Saturday, May 02, 2009

Roast Chicken and Bread





We saw this recipe for Garlic and Thyme Roasted Chicken With Crispy Drippings Croutons in the New York Times and I couldn’t resist it! It is very simple and clever. Basically you roast a chicken in a hot oven. Under the chicken you place good bread that catches the chicken drippings and becomes a giant crouton that you can break up and use in a salad. We used the salad from the Zuni Café Cookbook that they make with their Roast Chicken. Following Billy’s advice we used the left over chicken to make a great chicken soup!

With the chicken we served Fava Bean Potato Hash from a recipe that Corina gave us from her restaurant Canele. It was a perfect accompaniment. You can get the recipe for the hash from our blog of May 26, 2008. Click the date to get the recipe.

Zuni Bread Salad
===============

Generous 1/2 pound slightly stale open-crumbed, chewy, peasant-style bread (not sourdough)

6 to 8 tablespoons mild-tasting olive oil

1 1/2 tablespoons Champagne vinegar or white wine vinegar

Salt and freshly ground black pepper

1 tablespoon dried currants

1 tablespoon red wine vinegar, or as needed

2 tablespoons pine nuts

2 to 3 garlic cloves, slivered

1/4 cup slivered scallions (about 4 scallions), including a little of the green part

2 tablespoons lightly salted chicken stock or lightly salted water

A few handfuls of arugula, frisée or red mustard greens, carefully washed, dried and torn

Spoonful of pan juices from the roast chicken

Garlic and Thyme Roasted Chicken With Crispy Drippings Croutons
=======================================================
March 11, 2009
New York Times
Recipe

Time: 1 hour 25 minutes, plus 10 minutes’ resting
Country bread, ciabatta or other sturdy bread, preferably stale, sliced at least 1/2-inch thick
1 tablespoon extra virgin olive oil, more as needed
2 teaspoons kosher salt, more as needed
1/2 teaspoon freshly ground black pepper, more as needed
1 4- to 5-pound chicken, patted dry
1 garlic head, sliced in half horizontally, through the cloves
1 bay leaf
1/2 lemon
1/2 bunch thyme sprigs.

1. Preheat oven to 425 degrees.
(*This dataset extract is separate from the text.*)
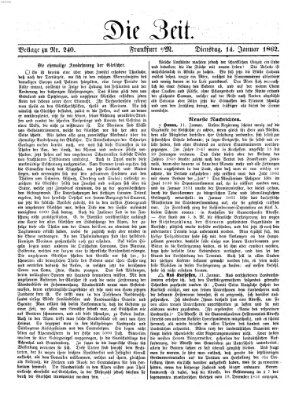 Die Zeit Dienstag 14. Januar 1862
Arrange oven rack so that it is in center of oven. Lay bread slices in a thick, heavy-duty metal roasting pan in one layer. (Try not to use a thin or dark colored pan, which may cause bread to burn: see note.) Drizzle liberally with olive oil and sprinkle with salt and pepper.

2. Rub 1 teaspoon salt and 1/4 teaspoon pepper inside cavity of chicken. Stuff cavity with garlic, bay leaf, lemon and thyme. Rub outside of chicken with 1 tablespoon of olive oil and sprinkle all over with remaining salt and pepper. Place it breast side up on bread.

3. Roast chicken until it is deeply browned and juices run clear when thigh is pricked with a knife, about 1 hour 15 minutes. Let rest for 10 minutes before carving. Serve chicken with bread from pan.

Yield: 4 servings.

Note: If you use a thin or dark roasting pan, you might consider lowering the oven temperature to 375 degrees to prevent the bread from getting too dark. Check the pan periodically during cooking and lower the temperature as necessary (you can open the oven door for a minute to reduce heat quickly.) It may take longer for the chicken to cook through at a lower temperature.